NRC list: Trouble mounts for Bihari migrants in Assam as thousands await verification
With draft publication of the national register of citizens (NRC) in Assam, the fate of 73,000 people from Bihar staying in Assam hangs in balance as the Bihar government is still struggling to complete the verification of their identity based on documents submitted to the citizens’ panel.
Though petitions filed by persons of Bihar origin residing in Assam started pouring in for cross verification towards the end of 2016, with bulk of applications coming in the year 2017, the process of checking legacy details as mandated by the NRC has been slow in the state.
So far, Bihar government has sent the details of only 13,000 people after verification while legacy and family tree details of another 10,000 people will be sent by the end of this week.

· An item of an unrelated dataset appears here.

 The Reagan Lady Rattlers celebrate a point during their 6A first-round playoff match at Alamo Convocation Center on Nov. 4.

What is worse is that the state also returned applications of approximately 11,877 persons of Bihar origin, saying they were not legible. The remaining 40,000 applications are still awaiting verification.
“We returned the applications as they were not legible at all. What could one do with a piece of paper having no details? How do we verify people’s family details if there are no addresses or other supporting documents to establish their claims of roots in Bihar?” said a senior officer, involved in the verification process.

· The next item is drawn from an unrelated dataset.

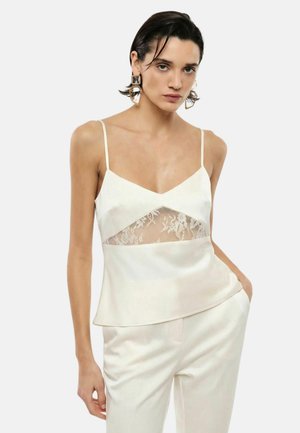 Donna con capelli corti e scuri che indossa grandi orecchini geometrici, una canottiera in raso bianco con pannello in pizzo e pantaloni in raso bianchi abbinati.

Now, such applicants staying in Assam have to apply afresh with supporting documents to prove their legacy. The delay in sending verified details of applicants having their origin in Bihar could also debar them from enrolment in the final NRC list, scheduled to be published in December, say officials.

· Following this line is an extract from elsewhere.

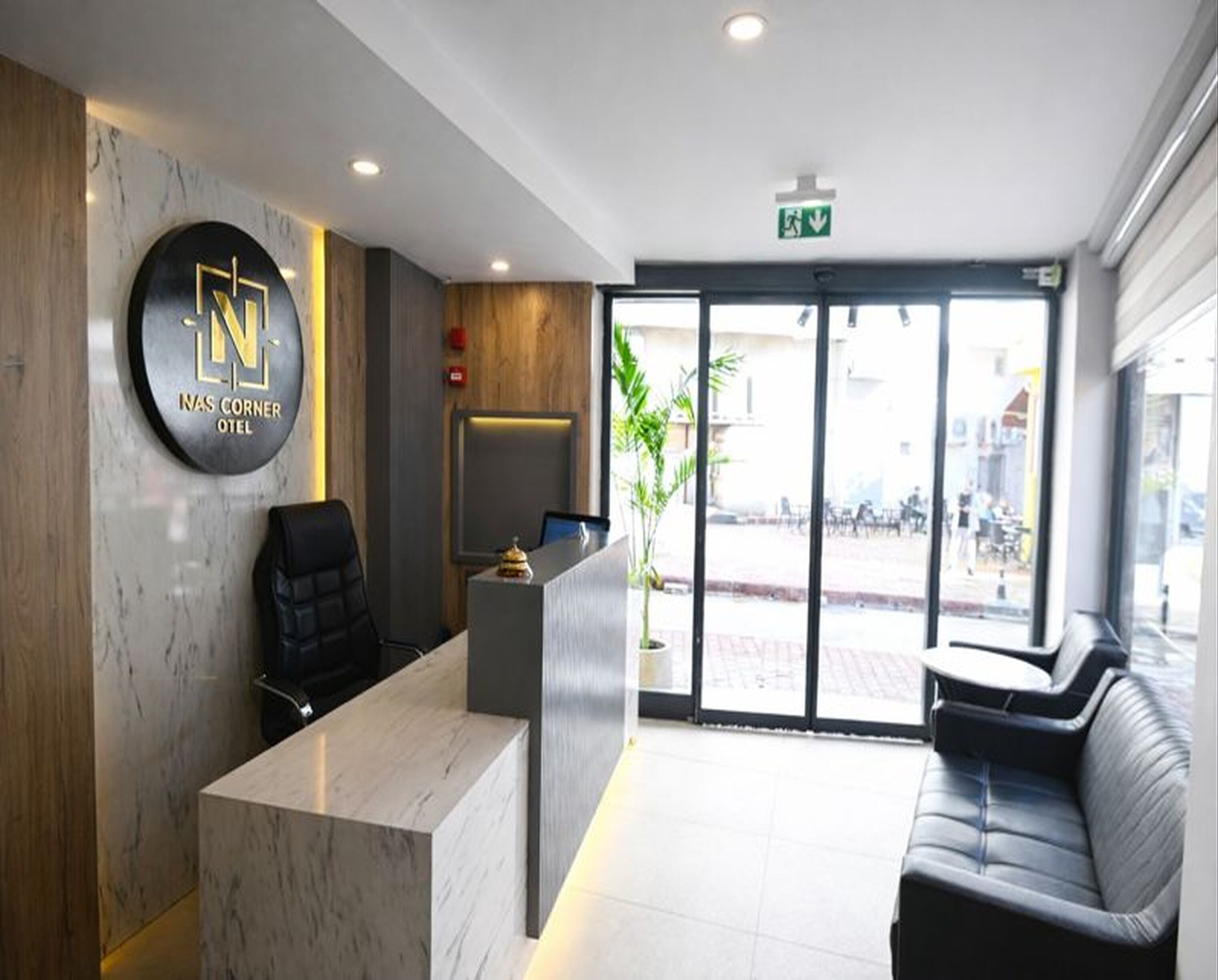 A hotel reception area with a marble reception desk, a black office chair, a sofa, and a large window with a view of the street.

Revenue and land reforms is the nodal department entrusted with the task of verifying details of applications. Sources said around 341 applications sent here for cross verification were forwarded to different states as they were not related to Bihar.
Majority of these applicants are migrants working in tea plantations, eateries and construction sector.
“Most of them are working in tea plantations in Assam and descendants of those who migrated to the state in pre-and post independence era to eke out livelihood. A good number of them are daily wage labourers and also engaged in construction business,” said another senior officer in the revenue department.
A majority of the applications are meant for north Bihar districts - a belt known for heavy migration since pre-independence days which continues even today.
Saran tops the chart with 7,938 applications from migrants of this district followed by Muzaffarpur (7,408), Siwan (3,768), Vaishali (3,779), East Champaran (2,973), Gopalganj (2,076), Samastipur (1,350) and Darbhanga (1,562). Districts in south-west Bihar have lowest number of applications with only 14 people applying from Aurangabad, followed by Arwal (18) , Jehanabad (14) and Jamui (19). From chief minister Nitish Kumar’s home district Nalanda, only 61 applications have come for cross verification.
Officials of revenue and land reforms department said district magistrates, especially from areas having high number of applications, have been instructed to cross verify the details of each person and send back at earliest so that they could be forwarded to the NRC by August 30.
However, there are apprehensions that the revenue department, battling shortage of field staff, would not be able to verify the details of 40,000 pending applications by August 30.
The non-inclusion of names of residents having their roots in others states in the NRC, Assam list has already generated a lot of political heat, with West Bengal government flaying the Centre for not including a large number of residents with roots in Bengal in the citizen list.
“We hope to complete the verification process by August 30 . In some cases, it might stretch to the first week of September. But, each application is being scrutinised and sent to the NCR so that persons having Bihar origin and living in Assam for decades could be enrolled in the citizens’ list,” said Brijesh Mehrotra, principal secretary, revenue and land reforms.